**What the exercise asks:**
Once the line with "Yamaha CYGNUSｸﾞﾘﾌｧｽ" is found in the entries below, print it and each following line exactly, stopping after the line with "ORBITRON Battery Revive 30mL product bottle"; print nothing else.

[Extracted data entries]
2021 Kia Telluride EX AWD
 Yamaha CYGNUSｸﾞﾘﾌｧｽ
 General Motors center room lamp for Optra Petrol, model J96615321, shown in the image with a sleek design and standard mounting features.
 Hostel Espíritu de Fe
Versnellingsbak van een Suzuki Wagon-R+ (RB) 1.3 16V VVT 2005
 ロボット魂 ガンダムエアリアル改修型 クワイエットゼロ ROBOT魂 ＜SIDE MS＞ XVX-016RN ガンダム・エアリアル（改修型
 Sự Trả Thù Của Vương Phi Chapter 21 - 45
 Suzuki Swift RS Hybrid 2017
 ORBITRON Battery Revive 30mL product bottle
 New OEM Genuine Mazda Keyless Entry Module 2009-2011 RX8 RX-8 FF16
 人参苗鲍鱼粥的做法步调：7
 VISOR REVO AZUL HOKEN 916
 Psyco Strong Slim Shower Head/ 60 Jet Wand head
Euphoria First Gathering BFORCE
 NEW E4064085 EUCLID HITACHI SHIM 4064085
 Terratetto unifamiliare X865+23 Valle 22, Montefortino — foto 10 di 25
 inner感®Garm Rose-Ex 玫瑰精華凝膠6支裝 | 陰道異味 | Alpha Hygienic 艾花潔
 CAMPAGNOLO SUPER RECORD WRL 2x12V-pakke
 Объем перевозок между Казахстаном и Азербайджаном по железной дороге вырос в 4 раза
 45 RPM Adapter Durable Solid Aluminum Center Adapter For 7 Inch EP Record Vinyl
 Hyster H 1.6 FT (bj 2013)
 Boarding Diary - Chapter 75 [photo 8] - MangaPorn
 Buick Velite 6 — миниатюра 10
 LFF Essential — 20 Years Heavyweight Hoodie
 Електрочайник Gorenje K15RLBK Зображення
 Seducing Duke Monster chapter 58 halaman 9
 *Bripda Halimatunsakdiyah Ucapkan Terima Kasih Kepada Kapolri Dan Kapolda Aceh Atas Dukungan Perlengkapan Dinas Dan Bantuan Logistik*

**Answer area:**
 Yamaha CYGNUSｸﾞﾘﾌｧｽ
 General Motors center room lamp for Optra Petrol, model J96615321, shown in the image with a sleek design and standard mounting features.
 Hostel Espíritu de Fe
Versnellingsbak van een Suzuki Wagon-R+ (RB) 1.3 16V VVT 2005
 ロボット魂 ガンダムエアリアル改修型 クワイエットゼロ ROBOT魂 ＜SIDE MS＞ XVX-016RN ガンダム・エアリアル（改修型
 Sự Trả Thù Của Vương Phi Chapter 21 - 45
 Suzuki Swift RS Hybrid 2017
 ORBITRON Battery Revive 30mL product bottle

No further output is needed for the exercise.